» Record set:
**********

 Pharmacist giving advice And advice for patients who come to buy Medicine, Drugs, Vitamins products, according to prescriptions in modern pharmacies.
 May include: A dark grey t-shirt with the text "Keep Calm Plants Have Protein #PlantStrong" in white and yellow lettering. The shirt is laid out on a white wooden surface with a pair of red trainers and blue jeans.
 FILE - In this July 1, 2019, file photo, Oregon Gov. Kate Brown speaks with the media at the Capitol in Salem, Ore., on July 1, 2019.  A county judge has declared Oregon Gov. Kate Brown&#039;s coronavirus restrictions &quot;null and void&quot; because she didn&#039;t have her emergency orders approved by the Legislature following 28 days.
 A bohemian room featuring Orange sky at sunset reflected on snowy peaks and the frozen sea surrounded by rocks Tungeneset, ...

**********

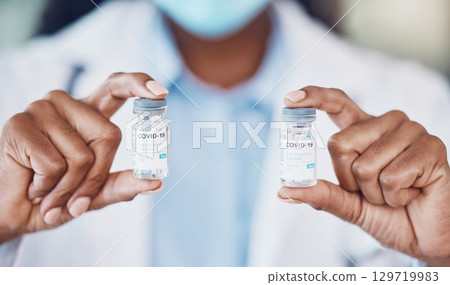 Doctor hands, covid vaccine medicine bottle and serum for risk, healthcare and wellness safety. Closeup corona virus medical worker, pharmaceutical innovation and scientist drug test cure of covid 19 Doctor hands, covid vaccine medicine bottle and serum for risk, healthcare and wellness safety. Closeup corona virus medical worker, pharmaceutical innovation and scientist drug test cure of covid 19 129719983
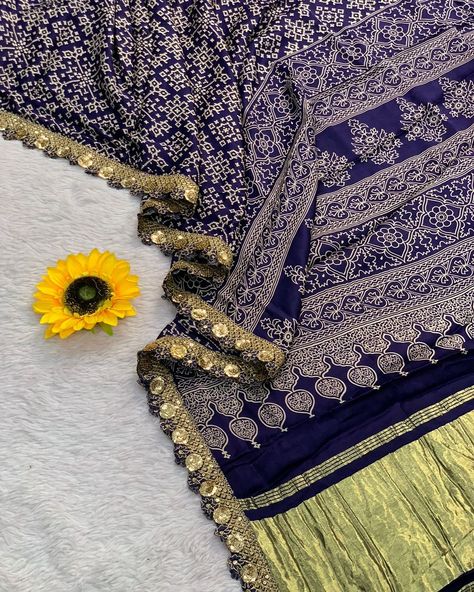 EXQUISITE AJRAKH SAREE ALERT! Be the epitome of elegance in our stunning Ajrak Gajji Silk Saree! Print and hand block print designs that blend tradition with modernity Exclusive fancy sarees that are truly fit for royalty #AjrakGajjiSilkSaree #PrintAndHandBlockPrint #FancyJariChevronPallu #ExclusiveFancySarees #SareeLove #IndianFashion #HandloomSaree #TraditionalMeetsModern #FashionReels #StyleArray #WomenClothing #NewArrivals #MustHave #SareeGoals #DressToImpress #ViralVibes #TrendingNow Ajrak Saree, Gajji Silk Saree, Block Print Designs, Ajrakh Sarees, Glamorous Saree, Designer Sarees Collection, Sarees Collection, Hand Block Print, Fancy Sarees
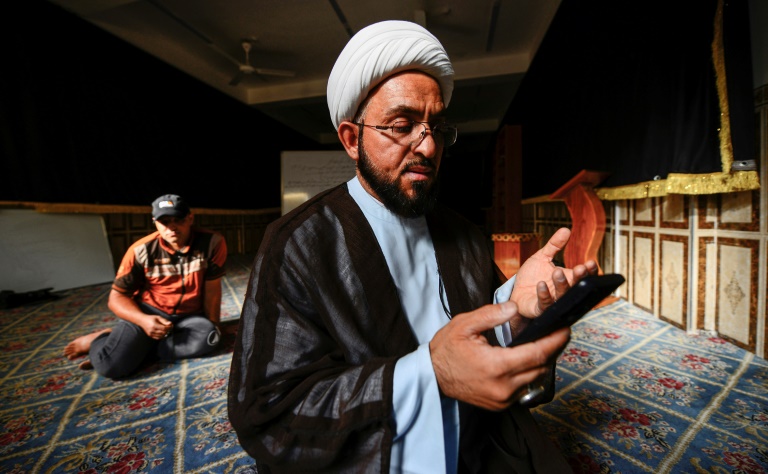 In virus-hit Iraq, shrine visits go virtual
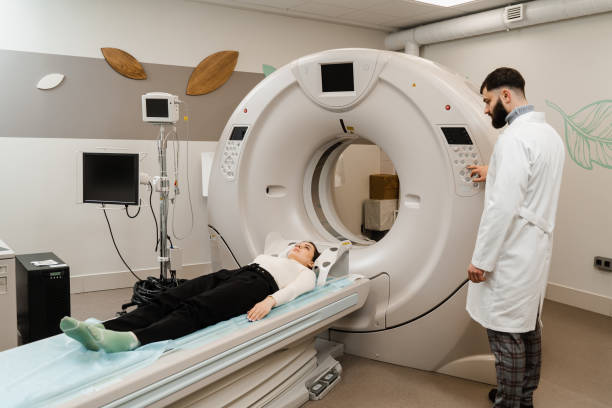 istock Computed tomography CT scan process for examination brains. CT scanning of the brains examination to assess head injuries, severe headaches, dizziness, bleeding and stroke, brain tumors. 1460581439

**********

» Brief: What should come back is an exact copy of the lines above from the line with "In virus-hit Iraq, shrine visits go virtual" to the line with "istock Computed tomography", both included, minus the pictures.

» Response area:
 In virus-hit Iraq, shrine visits go virtual
 istock Computed tomography CT scan process for examination brains. CT scanning of the brains examination to assess head injuries, severe headaches, dizziness, bleeding and stroke, brain tumors. 1460581439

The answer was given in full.